■ **Your objective**:
All lines in the records below from the line with "suministros-hp-cf463x" through the line with "Cersanit S951-321 - Dushkran CREA svart" are to be given again exactly, both ends included; the pictures are to be left out.

■ **Exercise data**:
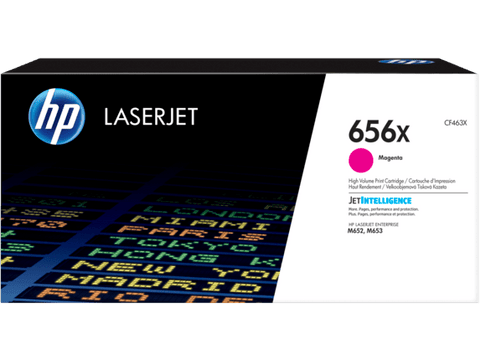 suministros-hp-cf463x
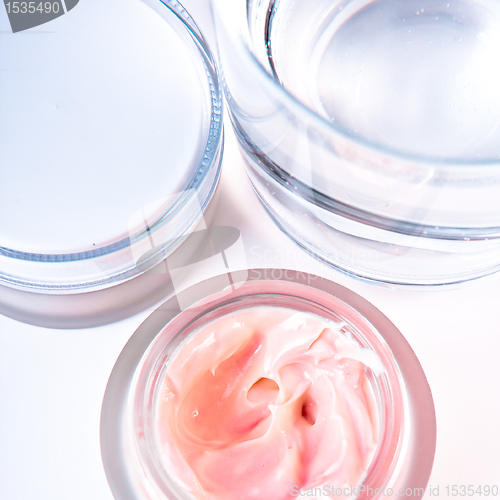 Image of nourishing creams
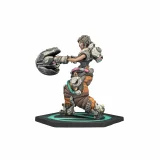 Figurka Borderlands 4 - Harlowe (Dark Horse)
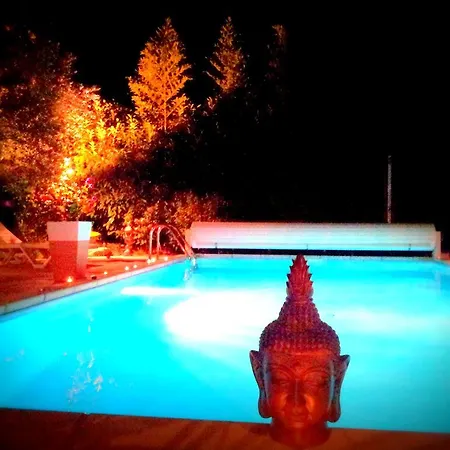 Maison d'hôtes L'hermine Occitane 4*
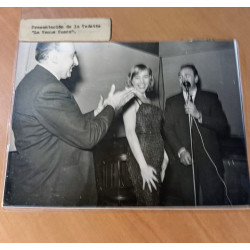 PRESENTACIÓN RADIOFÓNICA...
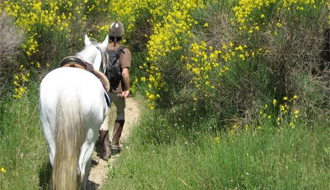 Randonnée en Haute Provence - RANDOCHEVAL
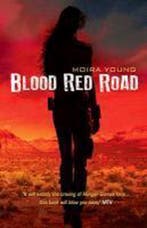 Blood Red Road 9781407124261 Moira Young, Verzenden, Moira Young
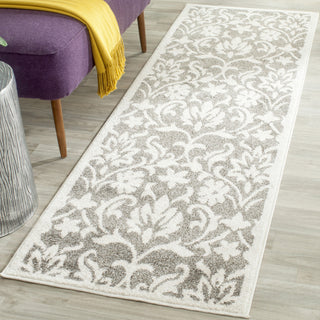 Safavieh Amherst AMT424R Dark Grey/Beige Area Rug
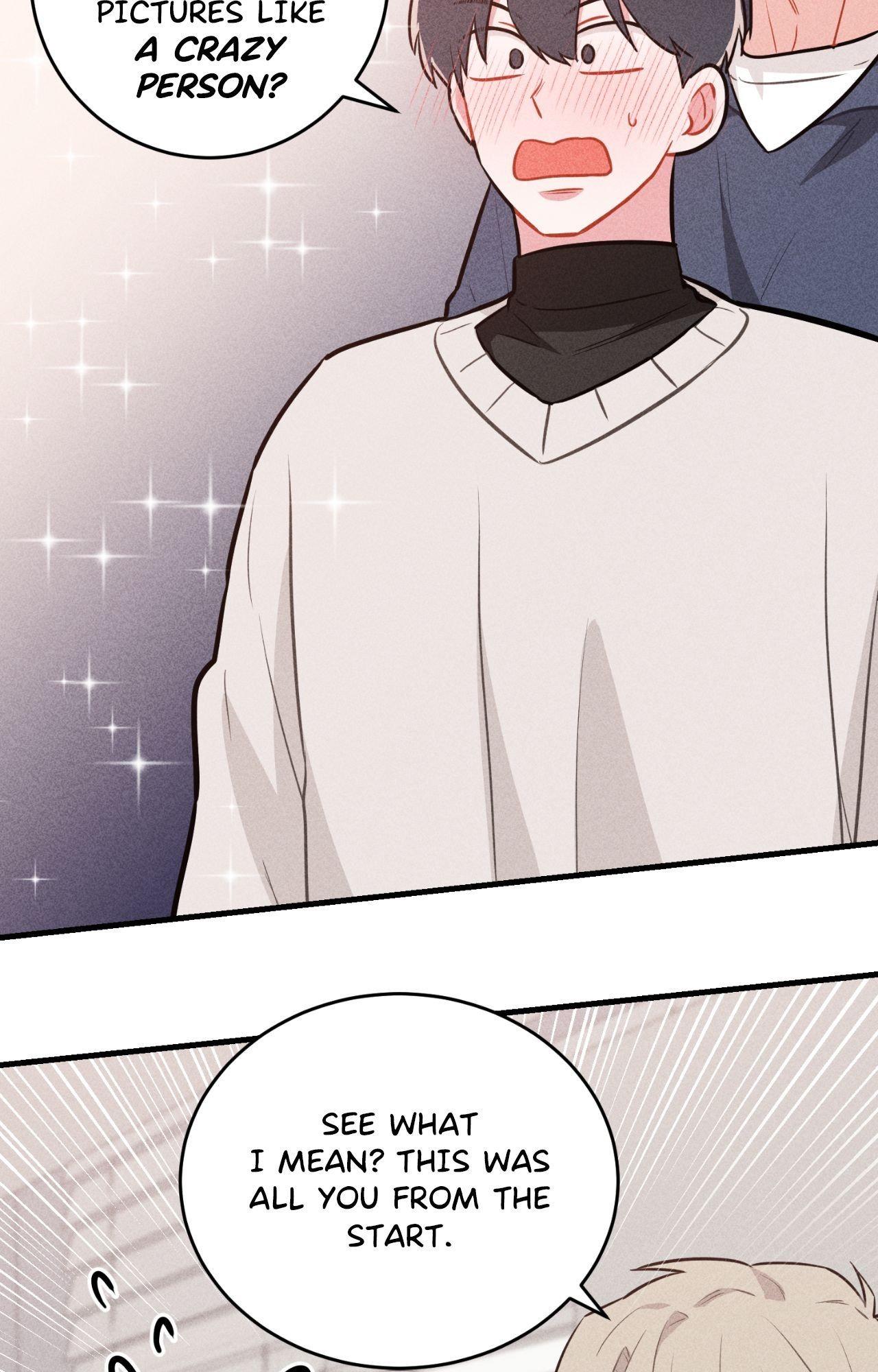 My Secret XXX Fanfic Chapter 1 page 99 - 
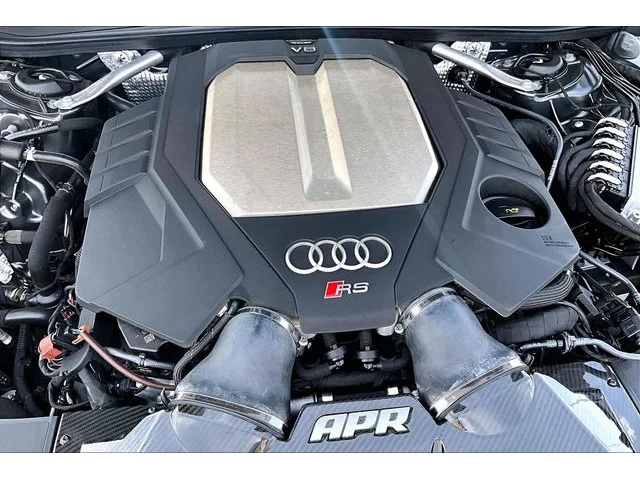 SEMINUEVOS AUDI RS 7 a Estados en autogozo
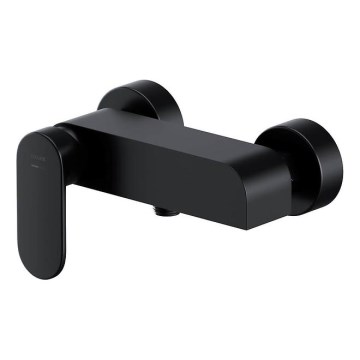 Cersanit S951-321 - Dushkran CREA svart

---

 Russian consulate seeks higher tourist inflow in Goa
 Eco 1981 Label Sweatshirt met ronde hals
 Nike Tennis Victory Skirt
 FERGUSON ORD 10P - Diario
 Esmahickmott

■ **Result of the exercise**:
 suministros-hp-cf463x
 Image of nourishing creams
 Figurka Borderlands 4 - Harlowe (Dark Horse)
 Maison d'hôtes L'hermine Occitane 4*
 PRESENTACIÓN RADIOFÓNICA...
 Randonnée en Haute Provence - RANDOCHEVAL
 Blood Red Road 9781407124261 Moira Young, Verzenden, Moira Young
 Safavieh Amherst AMT424R Dark Grey/Beige Area Rug
 My Secret XXX Fanfic Chapter 1 page 99 - 
 SEMINUEVOS AUDI RS 7 a Estados en autogozo
 Cersanit S951-321 - Dushkran CREA svart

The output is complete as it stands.